I am trying to figure out why debug version and release version of my app written in c++ using opencl c++ api act differently. Basically what my app does is:
1. create a few kernels
2. create a set of buffers
3. set kernel arguments
then execute these kernels in a loop by repeatedly call clEnqueueNDRangeKernel with a single in order command queue(oddly enough, if I use a new command queue for each command, the outcome changes. commands are properly synchronized of course). There are some read/write commands spread in the queue.
I understand that c++ debug / release version behave differently may happen, but it seems to be pretty simple code in c++ side. I think I may have missed something in host code...
Could any one give me some hints please ? Thanks in advance.
From your above description, it's difficult to suggest anything without knowing what type of difference you're observing or referring. It would be great if you can share your code (host + kernel) and point out the exact problem you are observing. Please also specify your setup details (OS, GPU, driver etc.).

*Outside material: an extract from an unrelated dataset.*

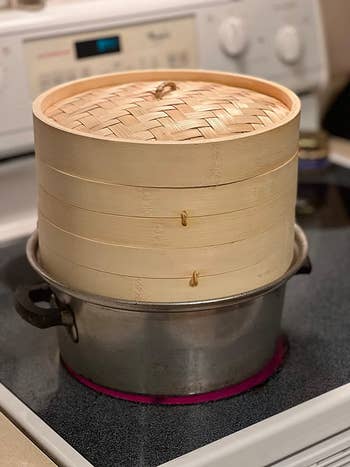 reviewer photo of the bamboo steamer resting on a pot on the stove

Thanks for the reply. below are some system info:
OS: Windows 10 64bit
GPU: amd radeon R5 230
sdk: amd app sdk 2.9
there are 4 kernels, simple ones like initializing a buffer work fine. code of the 2 main kernels are pretty lengthy, which are adopted from c code. I have carefully checked them to make sure there are no pointers in struct (I will double check them again later)...
I think the difference between debug / release version is about host code, which should have nothing to do with kernel code since the later is compiled by opencl runtime. therefore, I suspect there are hidden bugs in my host code cause the problem. Basically, in debug version I see approximately correct image produced (but not exactly as I expected), while I only see some dots in blank background in release version. one kernel is running in an iteration many many times depending on input (from thousands, to millions.. kernel code are too long to post here, below are host code that execute the problematic kernel:
It first writes to a buffer to update its content for the kernel to process, then executes the kernel, which will update data in another buffer.
err = pClObj->cmdQ.enqueueWriteBuffer(pClObj->clBuffer, CL_TRUE, 0, numOfItems * sizeof(CL_DATA_INFO), pBufferData);
//error check and etc.
err = pClObj->cmdQ.enqueueNDRangeKernel(Kernel, cl::NullRange, cl::NDRange(numOfItems));
// error check and etc.
err = pClObj->cmdQ.finish();
// error check and etc.
the above host code may be executed in a loop like thousands or millions times. each time the content of clBuffer gets updated first, then the kernel is executed. pClObj is a class that compile kernel source, create kernels and set kernel arguments and etc. numOfItems is a configurable number that determines how many data items are to be passed to gpu for processing at a time, which is set to 256.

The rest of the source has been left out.